- [EXERCISE DIRECTIONS]: Please repeat exactly the lines from the one containing "Rockruff 116/193 Reverse" to the end of the entries below, both included, and omit all pictures.

EXERCISE DATA Start Marker

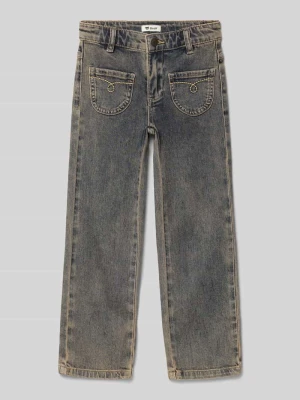 Jeansy o kroju straight fit z naszywanymi kieszeniami Steiff
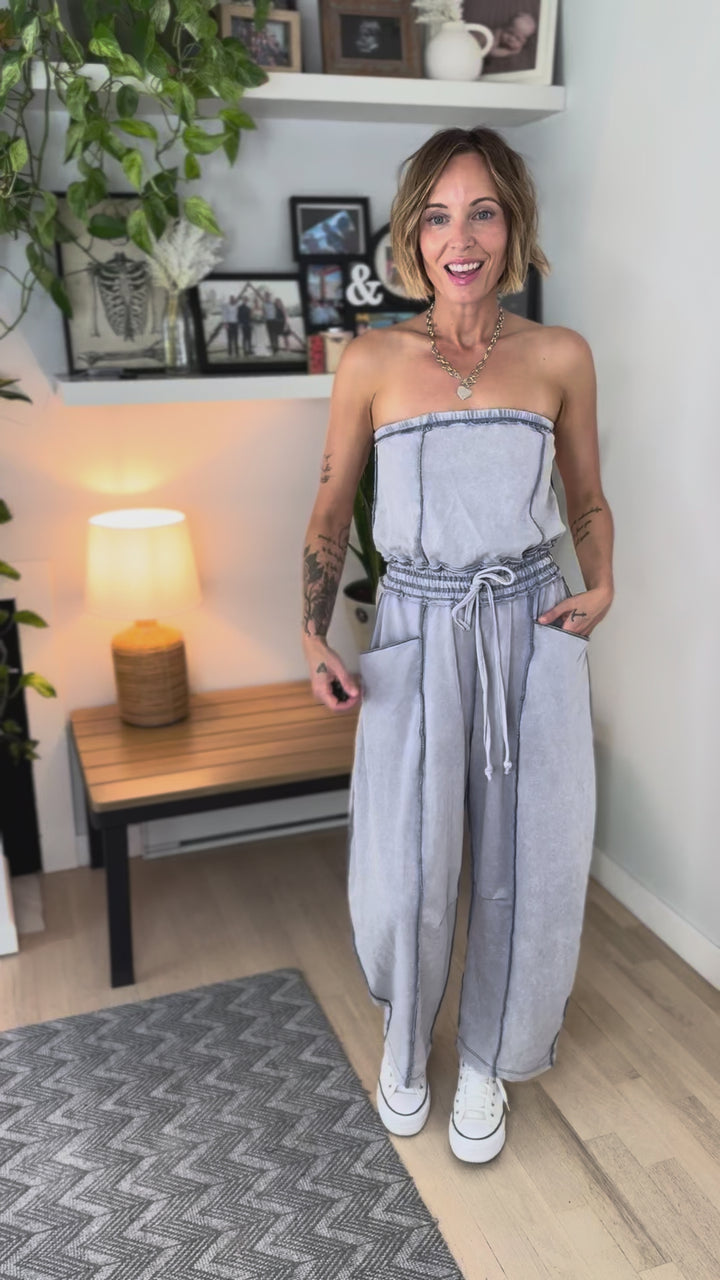 Seaport Strapless Barrel Jumpsuit- CLOUD
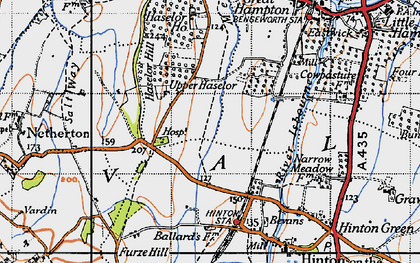 Old map of Upper Haselor in 1946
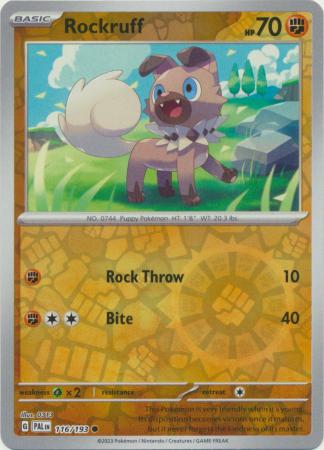 Rockruff 116/193 Reverse Holo | Paldea Evolved | Pokemon Card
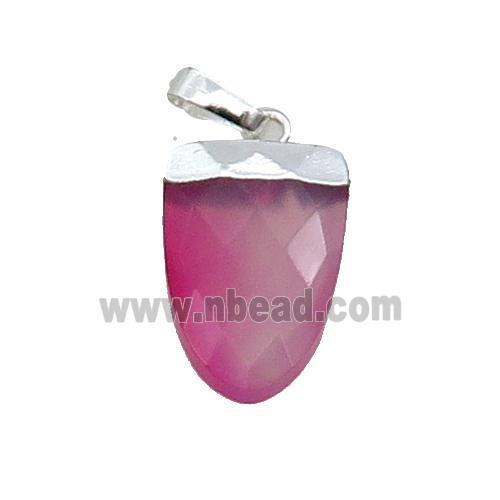 Hotpink Agate Tongue Pendant Dye Silver Plated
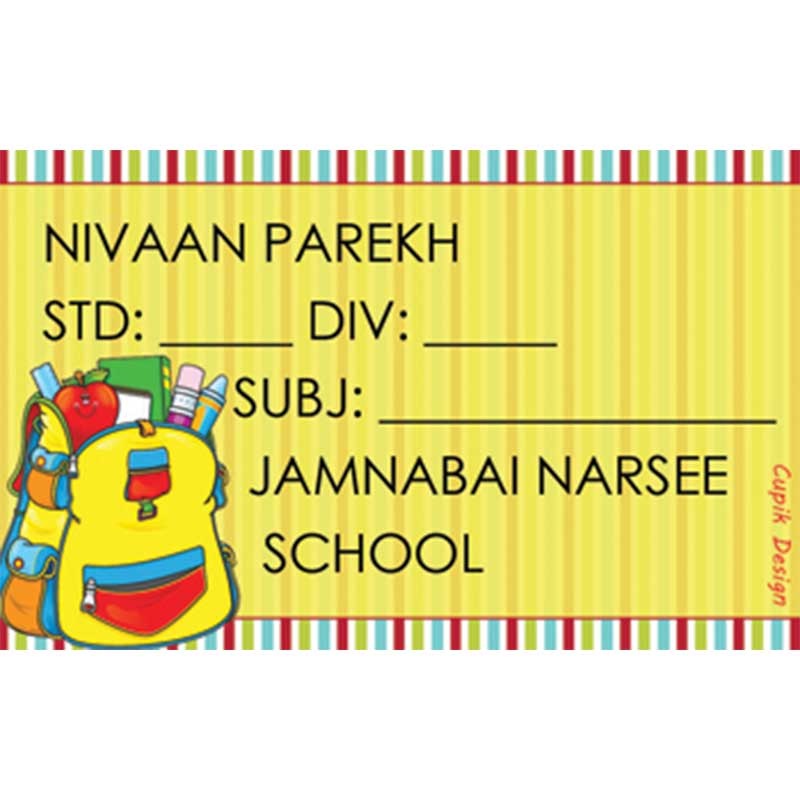 Personalised School Book Labels –  Backpack, Pack of 20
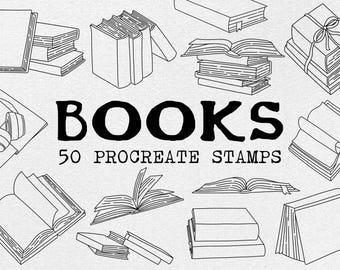 Books Procreate Stamp brush Set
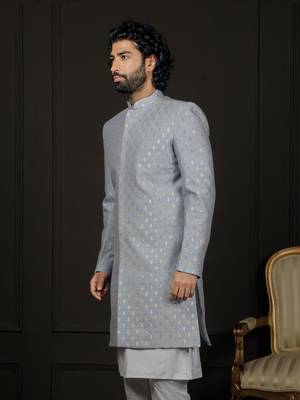 Men'S Aqua Silk Blend Sherwani Only Top 2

EXERCISE DATA End Marker

- [ANSWER TO THIS TASK]:
 Rockruff 116/193 Reverse Holo | Paldea Evolved | Pokemon Card
 Hotpink Agate Tongue Pendant Dye Silver Plated
 Personalised School Book Labels –  Backpack, Pack of 20
 Books Procreate Stamp brush Set
 Men'S Aqua Silk Blend Sherwani Only Top 2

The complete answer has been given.